Motion Along a Straight Line

Question 1

Derive the two equations that make most equations for for a particle traveling with constant acceleration in a line.

Answer 1

dv/dt = a

⇒ v - v_o = at

dx/dt - v_o = at

⇒ x - x_o = v_ot + ½at²

Question 2

A bolt is dropped from a bridge under construction, falling 90 m to the valley below the bridge. (a) In how much time does it pass through the last 20% of its fall? What is its speed (b) when it begins that last 20% of its fall and (c) when it reaches the valley beneath the bridge?

Answer 2

(a) -90 m = -½gt²_total, -18 m = -½gt²_{last 20%}, T = t_total - t_{last 20%}
(b) v = -aT
(c) v = -at_total

Question 3

A rock is dropped (from rest) from the top of a 60-m-tall building. How far above the ground is the rock 1.2s before it reaches the ground?

Answer 3

-60 m = -½at²_total

T = t_total - 1.2s

Δy = -½aT²

60 - Δy = how far above the ground.

Question 4

A ball is thrown vertically downward from the top of a 36.6-m-tall building. The ball passes the top of a window that is 12.2 m above the ground 2.00 s after being thrown.
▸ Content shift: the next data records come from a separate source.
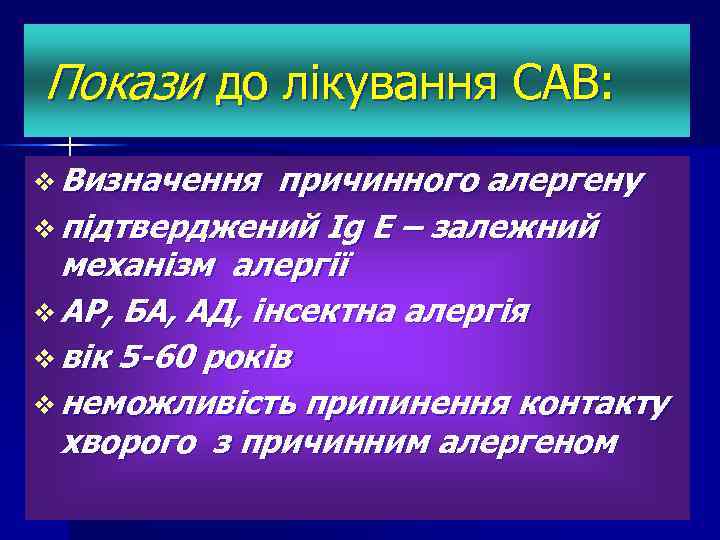 Покази до лікування САВ: v Визначення причинного алергену v підтверджений Іg Е – залежний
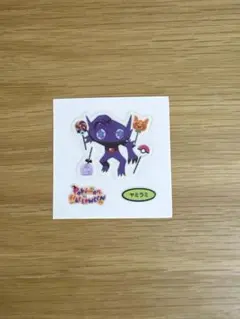 第213弾　ヤミラミ　ポケモンパンシール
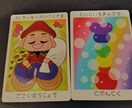 波乱万丈の人生から優しく寄り添いながら占います 今を大事にする日本に3人しかいない占いが出来る占い師 イメージ10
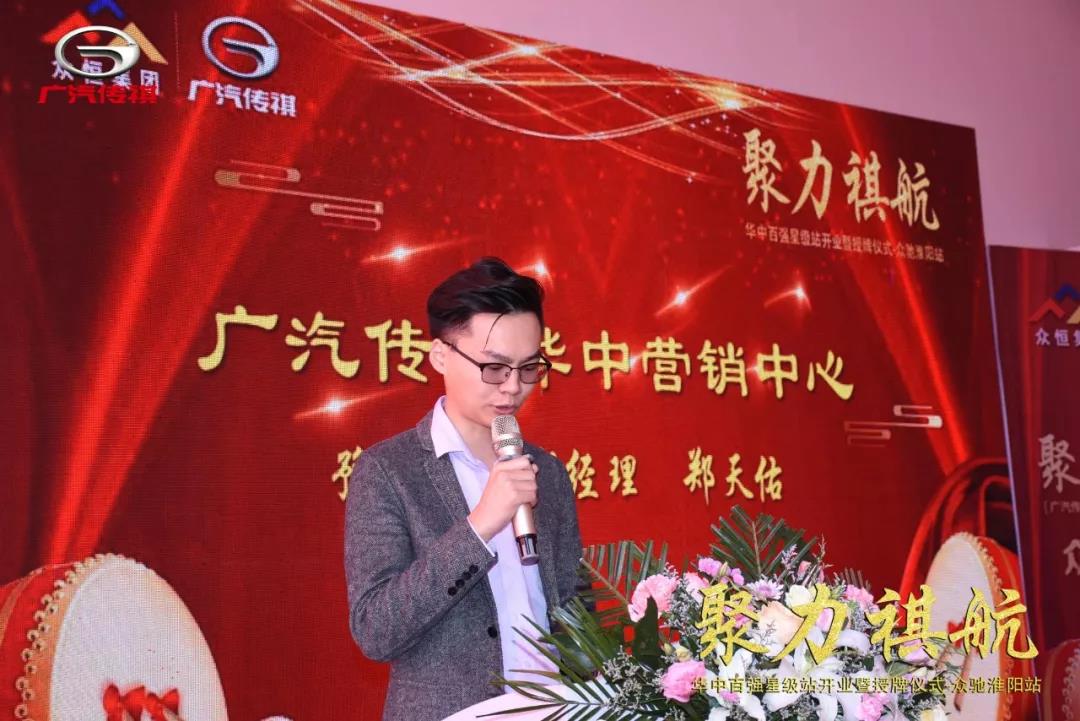 广汽传祺华中区百强星级站--众驰淮阳站开业大吉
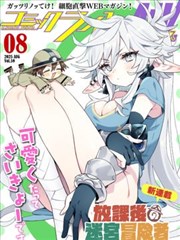 斗罗大陆漫画海报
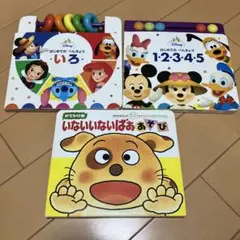いないいないばあ　ディズニー はじめてのべんきょう いろ・12345
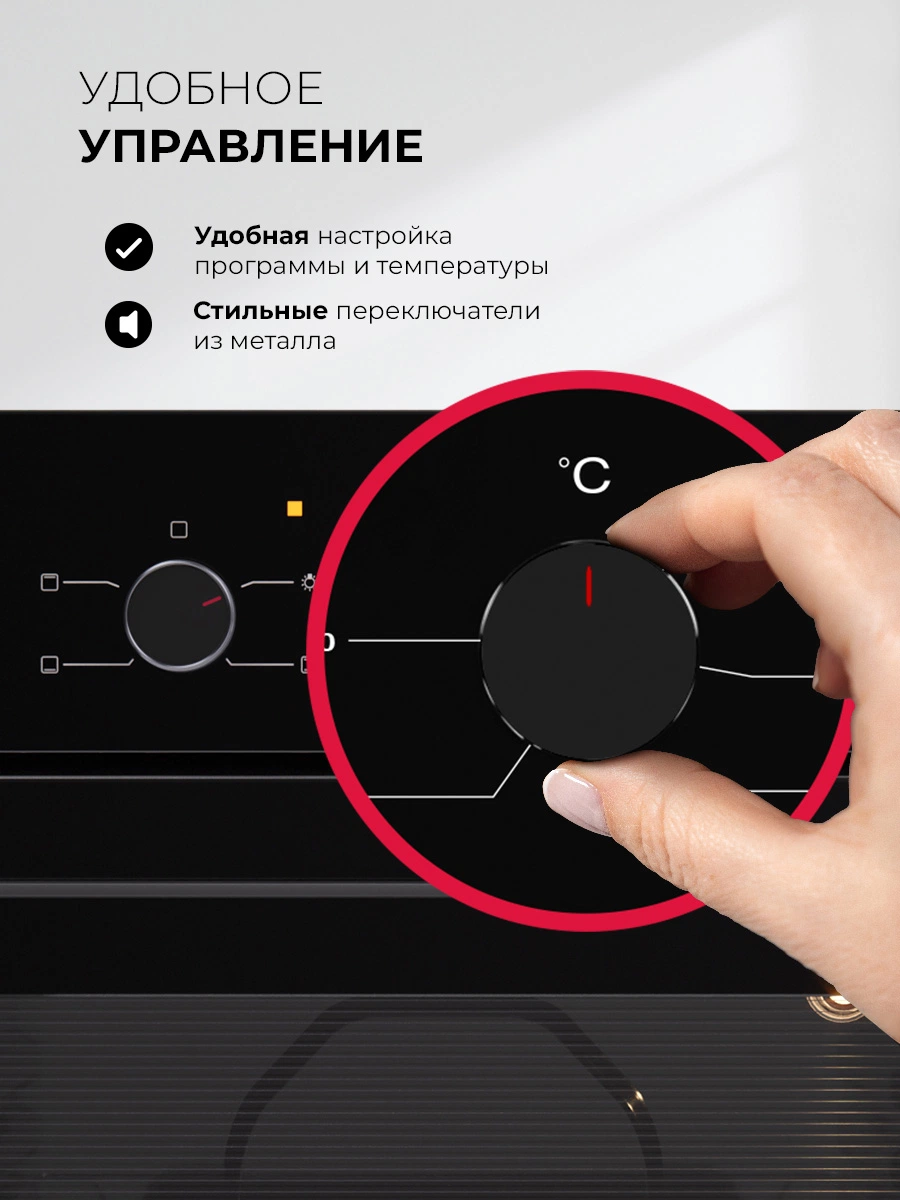 LEX EDM 045 BBL — дополнительное изображение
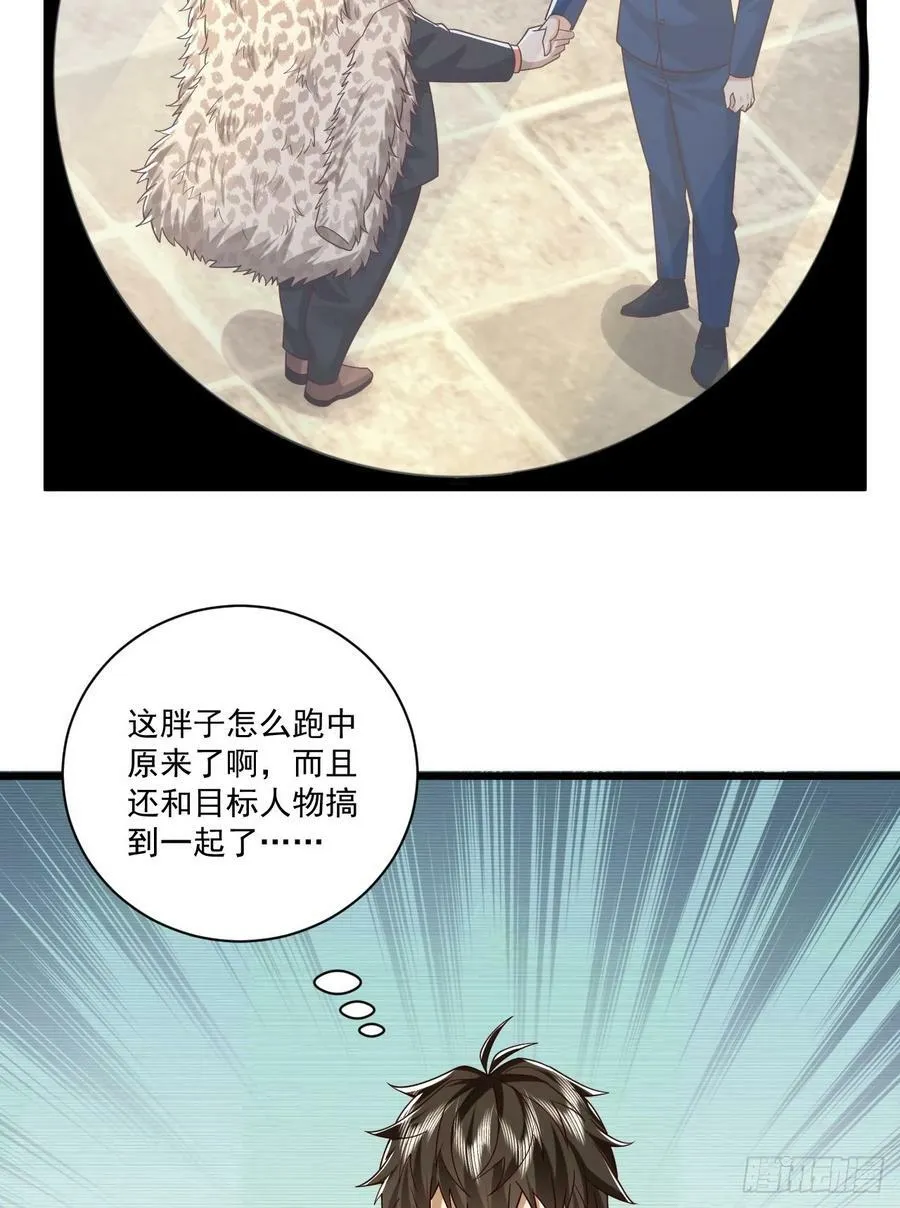 266 射击范围两公里 第51页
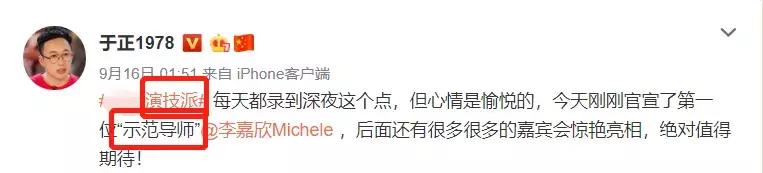 从明星到阔太李嘉欣奋斗了20年,豪门阔太李嘉欣复出捞金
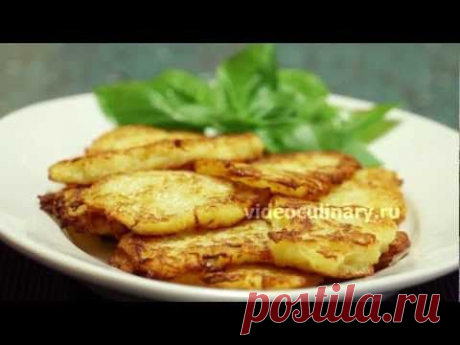 Рецепт - Картофельные оладьи от https://videoculinary.ru - YouTube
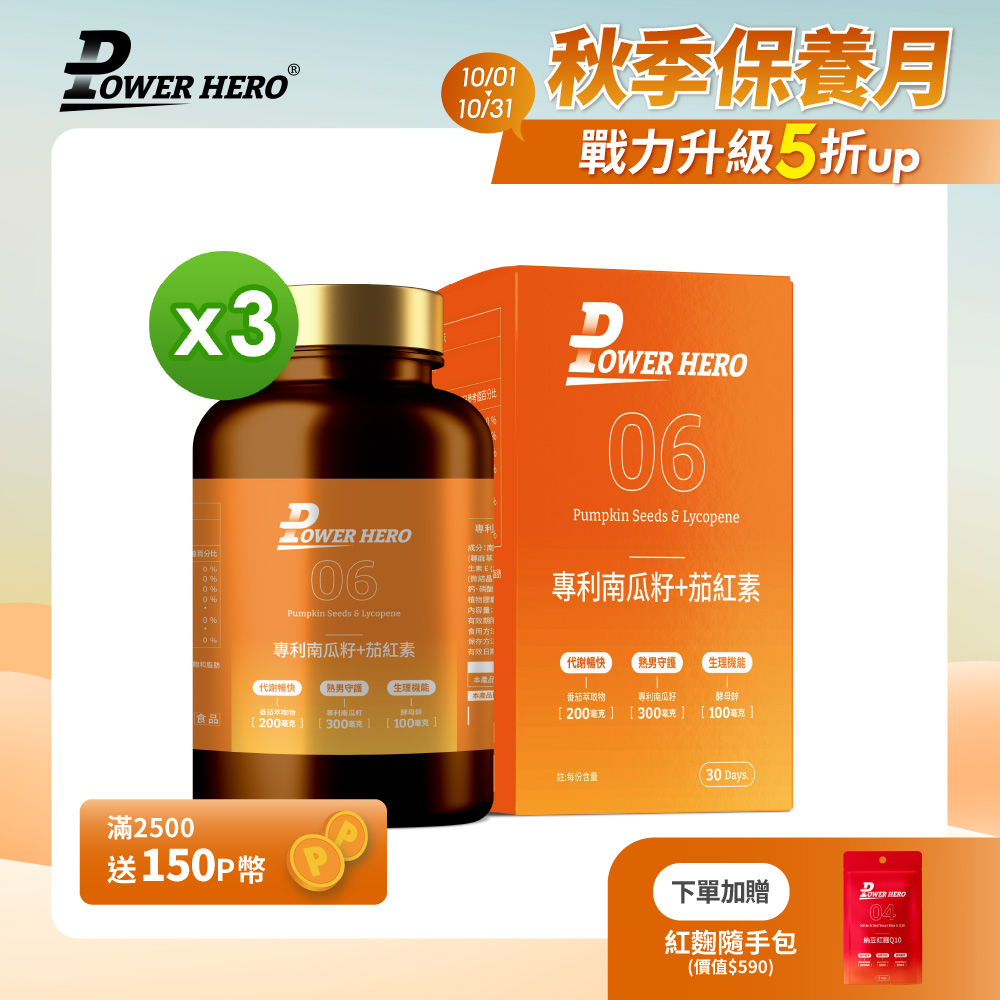 PowerHero 勁漢英雄 水溶性專利南瓜籽+茄紅素x3盒(60顆/盒)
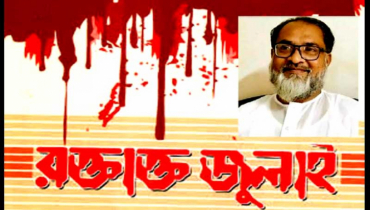 জুলাই অভ্যুত্থান জনগনের প্রত্যাশার প্রদীপ  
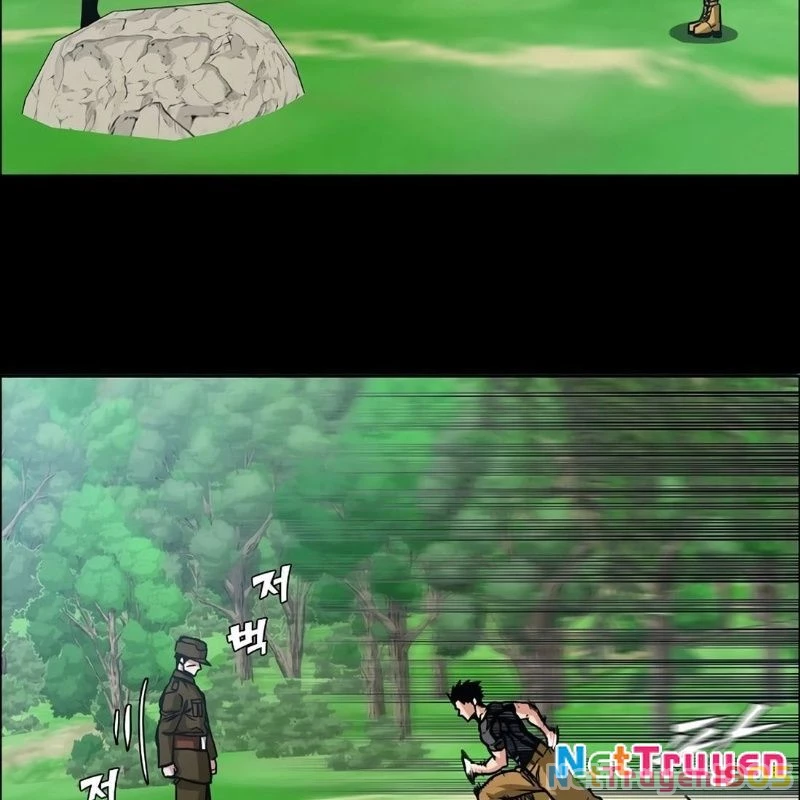 Gia Đình Bí Mật Chapter 1 - 116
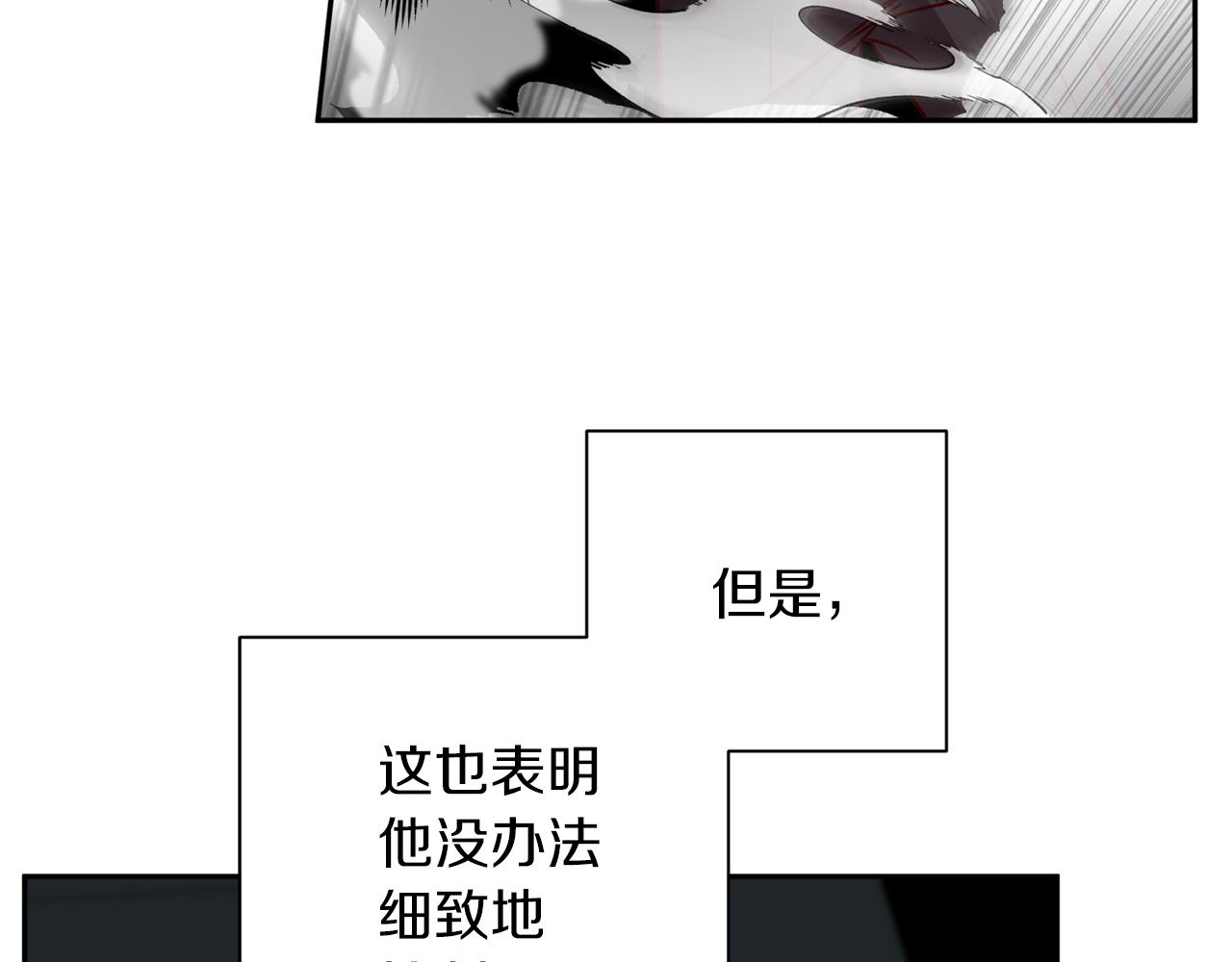 第64话 无能为力86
What is the speed of the ball as it passes the top of the window?

Answer 4

(36.6 - 12.2) m = v(2.00 s) - ½a(2.00 s)²

Question 5

A parachutist bails out and freely falls 50 m. Then the parachute opens, and thereafter she decelerates at 2.0 m/s². She reaches the ground with a speed of 3.0 m/s. (a) How long is the parachutist in the air? (b) At what height does the fall begin?

Answer 5

-50 = -½•a•t²_{no par.}

right before opening the parachute v² = 2•a•50

So, 3.0 m/s = (2•a•50)^½ - at_par.

Δy = v²t_par - ½at²_par

50 + Δy = height at which the fall began.